TASK STATEMENT: The required output is the run of lines from the one holding "Wuling MINIEV — миниатюра 14" through the final line of the listing, restated word for word, with no pictures.

***** COLLECTED DATA *****

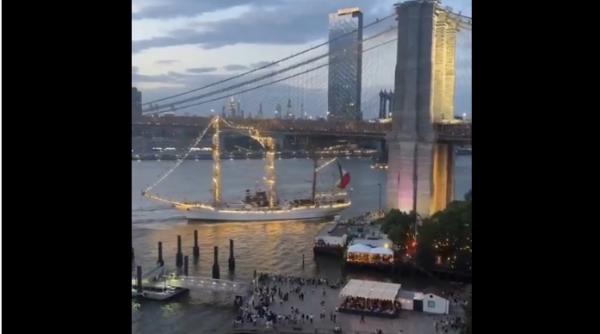 momentul in care podul brooklyn din new york este izbit de o nava de antrenament a marinei mexicane video
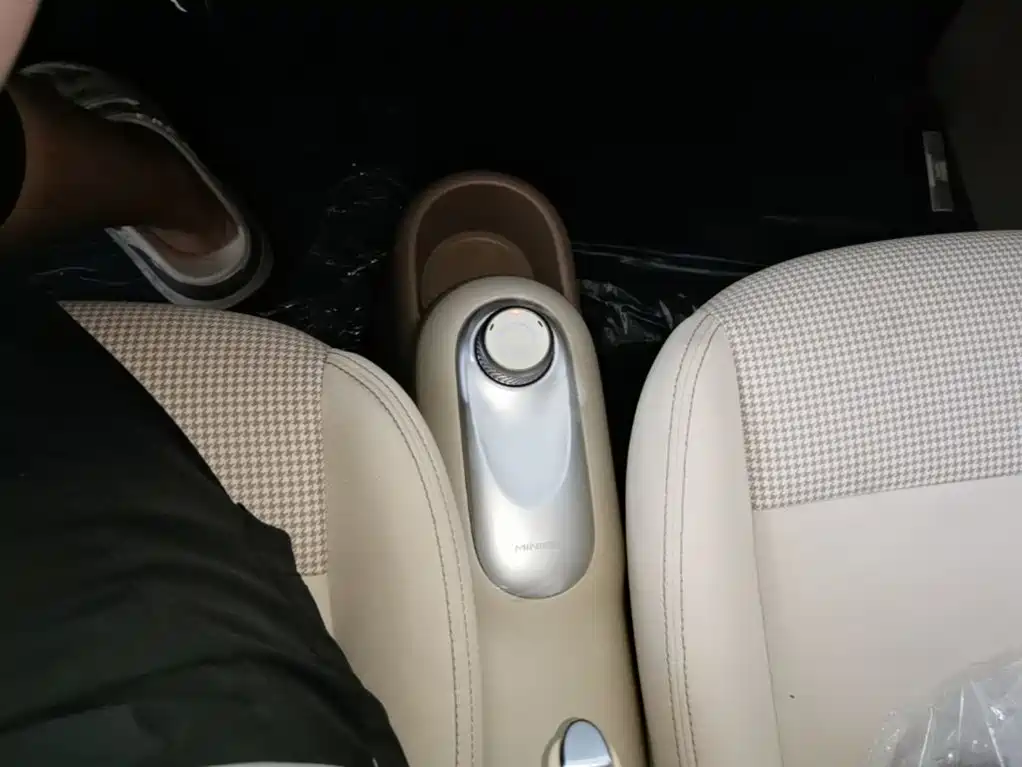 Wuling MINIEV — миниатюра 14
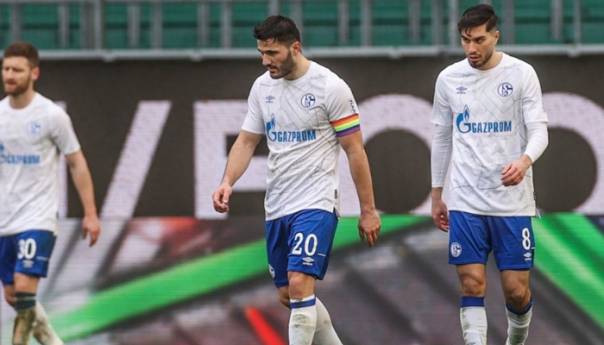 Nova bruka Schalkea, Freiburg bez boda ostao u finišu meča, sigurni Bayern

*****

ANSWER SECTION:
 Wuling MINIEV — миниатюра 14
 Nova bruka Schalkea, Freiburg bez boda ostao u finišu meča, sigurni Bayern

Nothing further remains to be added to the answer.